25 April 2013
Equal Education has organised a two-day “solidarity visit” of schools in the Eastern Cape. Well-known South Africans, including Archbishop Thabo Makgoba and constitutional law blogger Pierre De Vos, are participating. GroundUp journalist Mary-Anne Gontsana is also taking part, reporting what she sees. Here is her first report.
An Equal Education pamphlet says, “The 2013 draft norms and standards fail to specify the amount of learners per classroom or the size of classrooms. Nothing in the draft addresses the problem of overcrowding or learner to teacher ratio.” An example of what the organisation means is the grade 9 class of Putuma Junior Secondary School (JSS) in the Mbhashe municipality in the Eastern Cape.
Athini Maphini is a Grade 9 learner at Putuma, she is part of a class of 110 learners. “We are packed here in our social sciences class but there is nothing we can do about it.”
Deputy Principal of the school, Zukile Gana said overcrowding and lack of accommodation for the learners are their biggest problems. “We have 24 educators including myself and the principal and 1,175 learners enrolled. This no fee Grade R to 9 school was established in 1905. It was attached to a church but as it grew it was then built here, separately.”
Walking into the packed classroom, I was told that even though it was full there were a some students absent because they lived too far or because of floods caused by heavy rains on the weekend. “School starts at 7.45am but since it was raining many learners did not show up because when it rains, they are forced to cross rivers to get here. Some parents organise transport and some just cannot afford it,” said Gana.
Maphini walks to school in a group of three other learners, and it takes her an hour to get to school.

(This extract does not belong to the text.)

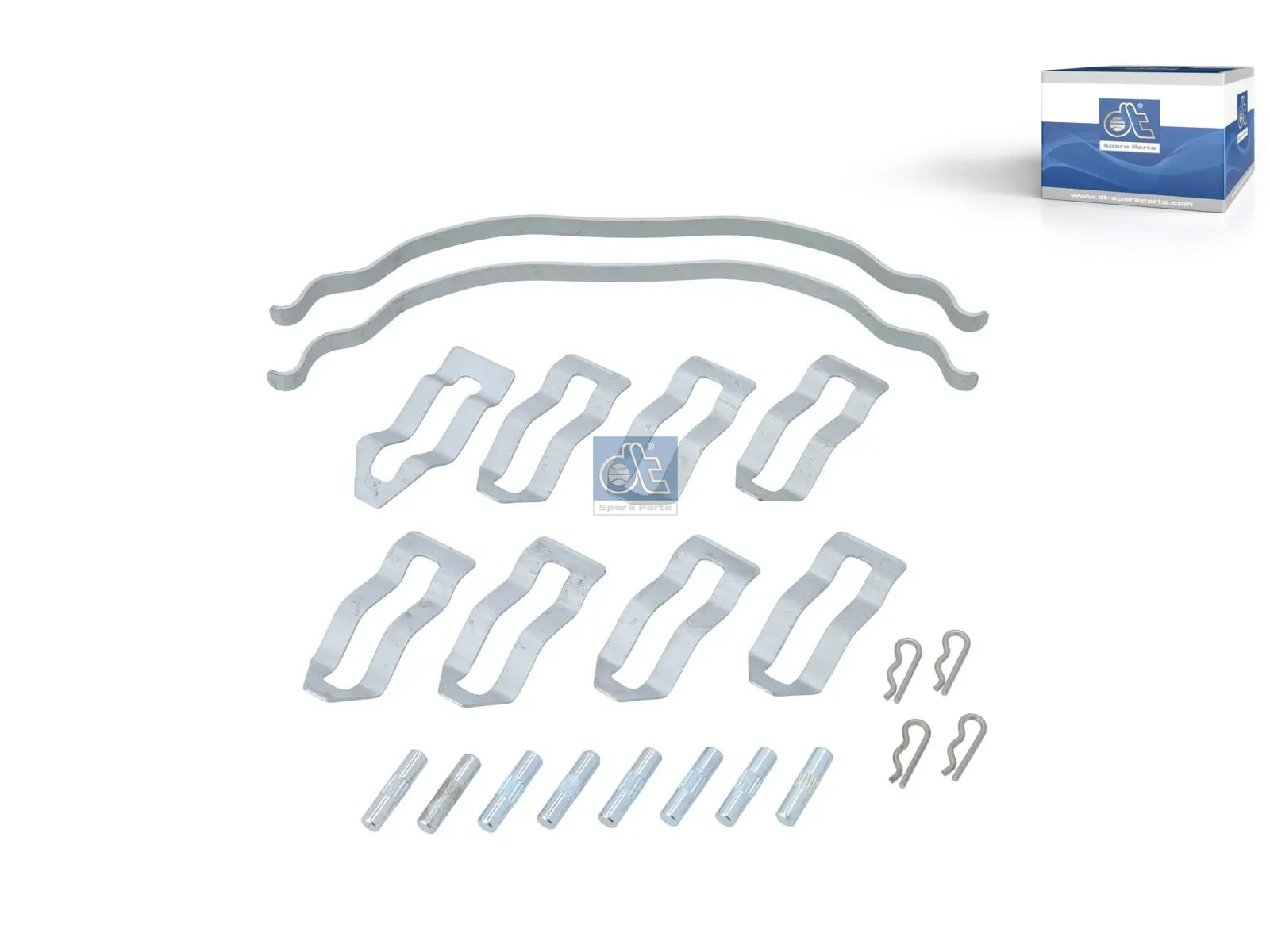Repair kit, brake caliper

She wakes up at 4am every morning and is lucky if she gets to school before 8am. “Some of the others bring umbrellas, which helps, but otherwise we arrive in class soaking wet and our uniforms dry on us.”
In one of the classrooms, learners were sitting on concrete building blocks and using them as desks because of lack of furniture and overcrowding. Grade 8 is a little better. There are about 60 learners in a classroom. They are provided food from a makeshift feeding scheme.
Not far from Putuma JSS is another school in need of proper classrooms and furniture, Sea View Senior Secondary. This Grade 10 to 12 high school has 278 learners and eight educators of which only two are permanent.
Sea View principal Vukile Masinyana said the two teachers were himself and Lindeka Sombeselele who was not being paid for the work that she does. “There is no deputy principal and the educators are volunteers. The school was established in 1995 and right now it is still in phase 1. We have been waiting ever since for the next phase to continue. We are struggling to raise funds to finish a building which we want to turn into a classroom.”
As I walked into a Grade 12 classroom which is a hall separated by a broken wooden sliding door, volunteering business studies teacher, Bongeka Bhungane, was writing down the contents of a textbook on the blackboard because there were no textbooks available for the learners to use.
“You find at times that there are only three textbooks in the whole of Grade 12,” said Sombeselele. Last year the school had a 13 percent pass rate due to shortage of teachers. One Grade 11 classroom had no educator because she left after not getting paid.
These two visits are part of a solidarity visit by Equal Education, who after a two year campaign succeeded in getting Basic Education Minister Angie Motshekga to publish binding Minimum Norms and Standards for School Infrastructure. These regulations, due to be published on 15 May 2013, will set a minimum school infrastructure standard that all schools will have to meet. If schools don’t meet the standards then, at least in theory, communities will be able to hold government accountable.